Mise à l'eau pour la première fois en 2015 et de nouveau immergée au printemps 2022 après des améliorations techniques, elle est la première machine à avoir injecté de l'électricité issue de l'énergie d'origine hydrolienne sur le réseau français.

Pour autant, l'électricité produite par l'hydrolienne est intermittente et ne permet pas de couvrir en continu les besoins d'un site isolé. Quant aux containers présents sur l'île, ils ne permettent pas de stocker l'intégralité de l'électricité produite par D10.

L'hydrogène, pour stocker l'énergie intermittente de l'hydrolienne

C'est là qu'intervient le vecteur hydrogène. En répondant à la problématique de stockage, il permet d'éviter le recours à d'autres sources énergétiques, y compris fossiles.

« Associé à une source d'énergie renouvelable, un électrolyseur permet de convertir l'excédent d'électricité en hydrogène, et de stocker cette énergie sous forme compacte », précise Robin Falcone, ingénieur projets au sein de Sabella, qui prévoit d'exploiter davantage cette solution de stockage.

Un cas d'usage pour tester les bornes de recharge pour vélos

Pour la partie amont de cette expérimentation, une centrale de production et de stockage d'hydrogène d'une puissance de 3kW, développée par l'entreprise finistérienne H2Gremm à Edern, a été installée.

Car l'hydrogène est également intéressant en termes de transport d'énergie.

« Il limite drastiquement les coûts et les pertes liés aux longues distances entre le site de production d'électricité hydrolienne et les zones de consommation » précise l'ingénieur.

Avec ces vélos à hydrogène, les habitants d'Ouessant, qui se prêtent depuis cinq ans à des expérimentations de technologies de pointe (production, stockage, smart energies), testent en parallèle un nouveau cas d'usage : car ces vélos sont associés à des stations de recharge installées sur le port d'Arlan par la société rennaise H2X Ecosystems.

Alors que Ouessant s'est fixée comme objectif de produire 50% de sa consommation en énergies renouvelables en 2023 et 100% en 2030, l'île est souvent citée comme laboratoire de la transition énergétique. « Ces 10 jours d'expérimentation déboucheront peut-être sur le développement de solutions de décarbonation pérennes sur ce territoire » espère BDI.

Paimpol-Bréhat, un des rares sites d'essais hydroliens en Europe

Pour autant, la stratégie de la région Bretagne en faveur de la mise en place d'une filière liée à l'hydrolien ne se limite pas aux enjeux de l'insularité.
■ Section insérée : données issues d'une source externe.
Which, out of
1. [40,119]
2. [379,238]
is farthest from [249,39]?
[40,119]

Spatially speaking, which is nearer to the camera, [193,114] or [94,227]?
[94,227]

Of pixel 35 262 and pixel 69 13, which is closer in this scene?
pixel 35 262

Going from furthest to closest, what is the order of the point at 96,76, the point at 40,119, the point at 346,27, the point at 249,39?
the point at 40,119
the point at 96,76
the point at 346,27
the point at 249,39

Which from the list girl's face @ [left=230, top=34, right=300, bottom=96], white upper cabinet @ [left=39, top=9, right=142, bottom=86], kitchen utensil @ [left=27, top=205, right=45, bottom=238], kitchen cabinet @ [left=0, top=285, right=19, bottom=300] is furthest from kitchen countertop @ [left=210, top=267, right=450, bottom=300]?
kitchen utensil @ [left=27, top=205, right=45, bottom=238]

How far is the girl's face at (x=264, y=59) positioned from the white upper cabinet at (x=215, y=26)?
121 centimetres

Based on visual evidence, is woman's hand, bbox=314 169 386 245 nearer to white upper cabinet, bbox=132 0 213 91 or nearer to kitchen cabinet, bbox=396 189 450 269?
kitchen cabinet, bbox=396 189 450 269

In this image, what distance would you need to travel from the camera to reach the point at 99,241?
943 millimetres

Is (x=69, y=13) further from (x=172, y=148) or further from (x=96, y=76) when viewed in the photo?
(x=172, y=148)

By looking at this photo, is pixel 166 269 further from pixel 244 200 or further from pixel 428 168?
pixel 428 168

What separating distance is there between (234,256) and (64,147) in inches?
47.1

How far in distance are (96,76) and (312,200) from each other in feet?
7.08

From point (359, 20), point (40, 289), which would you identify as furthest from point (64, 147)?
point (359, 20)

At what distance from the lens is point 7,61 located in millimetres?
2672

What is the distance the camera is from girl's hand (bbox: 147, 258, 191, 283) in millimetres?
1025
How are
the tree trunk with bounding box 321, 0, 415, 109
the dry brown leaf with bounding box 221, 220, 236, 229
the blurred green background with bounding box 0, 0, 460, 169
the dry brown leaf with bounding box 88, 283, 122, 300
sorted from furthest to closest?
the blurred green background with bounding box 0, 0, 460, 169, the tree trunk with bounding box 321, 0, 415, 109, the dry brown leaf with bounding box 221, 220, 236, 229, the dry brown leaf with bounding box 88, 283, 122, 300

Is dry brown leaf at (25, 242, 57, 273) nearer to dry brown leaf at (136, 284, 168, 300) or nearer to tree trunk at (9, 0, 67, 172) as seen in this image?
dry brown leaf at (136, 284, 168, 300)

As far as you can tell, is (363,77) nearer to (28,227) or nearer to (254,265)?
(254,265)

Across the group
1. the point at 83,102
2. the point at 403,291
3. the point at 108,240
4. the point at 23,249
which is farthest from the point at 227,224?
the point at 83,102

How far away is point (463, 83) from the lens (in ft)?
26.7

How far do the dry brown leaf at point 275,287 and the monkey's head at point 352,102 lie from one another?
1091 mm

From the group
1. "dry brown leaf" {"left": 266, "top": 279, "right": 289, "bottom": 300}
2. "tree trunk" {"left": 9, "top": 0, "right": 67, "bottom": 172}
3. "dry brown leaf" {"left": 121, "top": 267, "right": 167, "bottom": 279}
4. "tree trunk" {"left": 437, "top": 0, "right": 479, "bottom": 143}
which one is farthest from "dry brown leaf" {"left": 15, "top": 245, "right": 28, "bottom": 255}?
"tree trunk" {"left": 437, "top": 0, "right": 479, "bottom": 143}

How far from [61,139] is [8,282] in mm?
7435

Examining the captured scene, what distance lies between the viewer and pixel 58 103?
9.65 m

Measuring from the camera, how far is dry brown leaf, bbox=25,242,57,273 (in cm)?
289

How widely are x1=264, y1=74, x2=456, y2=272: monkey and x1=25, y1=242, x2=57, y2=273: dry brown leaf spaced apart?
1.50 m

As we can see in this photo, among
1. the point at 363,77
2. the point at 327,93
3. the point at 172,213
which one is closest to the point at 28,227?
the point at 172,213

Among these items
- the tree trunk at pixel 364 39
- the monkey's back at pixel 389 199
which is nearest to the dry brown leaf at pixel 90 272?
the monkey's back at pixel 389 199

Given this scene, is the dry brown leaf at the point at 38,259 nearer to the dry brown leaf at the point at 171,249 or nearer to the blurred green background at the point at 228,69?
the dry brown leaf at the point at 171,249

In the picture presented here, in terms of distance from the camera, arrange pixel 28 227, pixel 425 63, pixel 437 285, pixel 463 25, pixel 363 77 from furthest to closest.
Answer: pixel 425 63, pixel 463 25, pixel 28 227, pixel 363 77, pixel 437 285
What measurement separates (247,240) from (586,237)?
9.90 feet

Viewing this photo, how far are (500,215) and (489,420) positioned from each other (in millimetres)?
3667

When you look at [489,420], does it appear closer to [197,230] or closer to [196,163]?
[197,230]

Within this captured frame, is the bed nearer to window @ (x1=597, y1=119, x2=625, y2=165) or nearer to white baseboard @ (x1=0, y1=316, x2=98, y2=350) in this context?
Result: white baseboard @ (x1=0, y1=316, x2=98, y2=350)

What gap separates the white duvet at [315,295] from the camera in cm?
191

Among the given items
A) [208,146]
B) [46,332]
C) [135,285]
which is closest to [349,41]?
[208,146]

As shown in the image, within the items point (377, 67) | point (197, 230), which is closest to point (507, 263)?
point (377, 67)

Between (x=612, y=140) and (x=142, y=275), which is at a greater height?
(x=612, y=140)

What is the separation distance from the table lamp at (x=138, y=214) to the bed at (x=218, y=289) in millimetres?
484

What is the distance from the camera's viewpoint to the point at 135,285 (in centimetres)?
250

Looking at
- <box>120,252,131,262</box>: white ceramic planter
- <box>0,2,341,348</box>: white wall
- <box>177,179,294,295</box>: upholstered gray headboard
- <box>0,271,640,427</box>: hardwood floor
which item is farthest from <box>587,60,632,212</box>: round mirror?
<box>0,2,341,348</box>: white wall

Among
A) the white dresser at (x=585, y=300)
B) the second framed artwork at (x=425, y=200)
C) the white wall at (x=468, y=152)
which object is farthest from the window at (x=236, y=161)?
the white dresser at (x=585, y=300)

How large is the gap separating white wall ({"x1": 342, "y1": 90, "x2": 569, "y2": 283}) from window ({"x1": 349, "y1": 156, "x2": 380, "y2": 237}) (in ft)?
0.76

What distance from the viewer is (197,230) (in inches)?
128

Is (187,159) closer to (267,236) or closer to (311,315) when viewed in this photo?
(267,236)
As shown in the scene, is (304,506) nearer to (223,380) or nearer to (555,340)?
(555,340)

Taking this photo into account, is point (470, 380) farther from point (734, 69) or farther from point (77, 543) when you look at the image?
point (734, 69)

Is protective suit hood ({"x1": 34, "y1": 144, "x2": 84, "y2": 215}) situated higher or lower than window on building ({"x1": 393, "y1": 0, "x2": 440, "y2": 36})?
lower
D'autres démarches, projets et entreprises sont soutenus qui visent à la diversification du mix énergétique.

Sur le site d'essais hydrolien de Paimpol-Bréhat, un des rares lieux européens permettant de tester des machines en conditions réelles, le Conseil régional, avec son partenaire EDF, investit pour attirer les développeurs et turbiniers internationaux.

Suite à des travaux de reconfiguration de la liaison sous-marine, le site est doté d'une connectique plus performante et raccordé au réseau électrique national. Depuis septembre, les démonstrateurs hydroliens peuvent être couplés à une prise de courant triphasé alternatif. « Autre axe d'amélioration : la connexion s'effectue dorénavant à l'aide d'une prise terminale connectable hors d'eau, évitant ainsi la prise de connexion sous-marine par plongeur », se félicite BDI.

Cette opération a été réalisée dans le cadre du projet européen TIGER (pour Tidal Stream Energy Industry Energiser, ou « industrie de l'énergie marémotrice »), avec le cofinancement du programme européen INTERREG Manche, qui vise « à démontrer que l'énergie hydrolienne est une industrie en pleine maturité ».

Le site de Paimpol-Bréhat est aussi sur le point d'intégrer la Fondation Open-C, qui sera créée d'ici à la fin de l'année. Elle aura pour but de fédérer et animer les cinq sites d'essais français en énergies marines, Sem-Rev à Nantes, Bordeaux, Mistral à Port-Saint-Louis-du-Rhône, et l'autre site breton de Sainte-Anne-du-Portzic (éolien flottant et énergie houlomotrice).